409.5
Curating Violence: An Interdisciplinary Reflection on Race and Violence in South African Student Protests

Tuesday, 17 July 2018: 16:30
Location: 501 (MTCC SOUTH BUILDING)
Oral Presentation
Federico SETTLER, University of KwaZulu-Natal, South Africa
During 2016 South African university campuses experienced two student campaigns, #FeesMustFall and #DecoloniseTheCurriculum when staff and students witnessed, and were subjected to particularly racialized forms of violence and rationalizations of violence (Settler and Haugaa Engh). In the face of securatization of university campuses countrywide, ordinary mediums of teaching and learning, public gathering and commentary proved inadequate because of policing and surveillance. Through reflecting on the production of memorials and performances on our campus, I propose to interrogate the meaning of the aesthetic, as well as the relation to, and commentary on the context within which it is produced (Benjamin, Bourriaud, Lippard).

Drawing on the work of Mbembe, Fanon, Arendt, and Spivak we reflect on the ways that violence, often religiously sanctioned, can be understood and explained in contexts of protest, upheaval and social disruption. In an interdisciplinary effort, I reflect on how a group scholars from religion, drama and visual arts sought to not simply think together about what this meant epistemologically and ideologically, but also explore how curating violence raises pedagogical challenges and opportunities in a context of repression.

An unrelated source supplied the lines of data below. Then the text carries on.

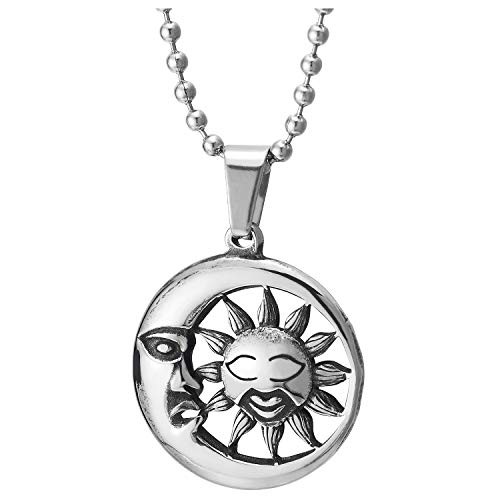 COOLSTEELANDBEYOND Sun Moon Crescent Circle Medal Pendant Necklace Men Womens Steel 236 in Ball Chain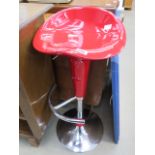 Chrome and red painted bar stool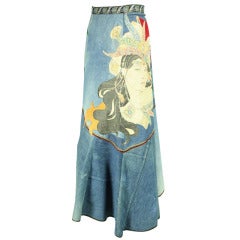1970's Roberto Cavalli Appliqued Denim Skirt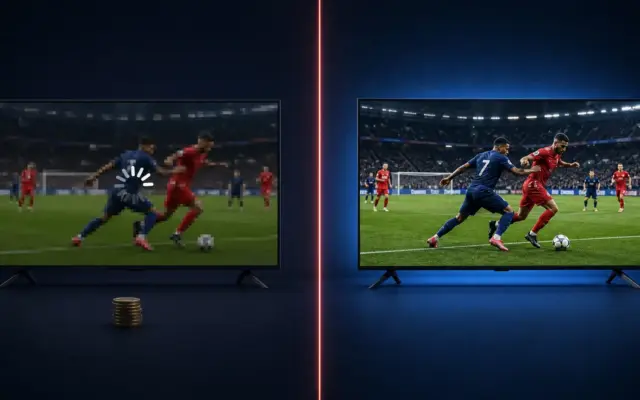 Två tv-skärmar sida vid sida: en billig ström som buffrar med snurrande laddningsikon och en stabil ström med skarp bild – Bästa IPTV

Through an interdisciplinary analysis, I propose to interrogate how the black body, violence, the context and the viewer were aligned to produce a public pedagogy on physical and representational violence. In this regard I will reflect on three curatorial moments that enabled a collective reflection on violence, resistance and the racialized self, that opened possibilities for a kind of public classroom where discussion about, as well as the articulation and critique violence is possible, and productive.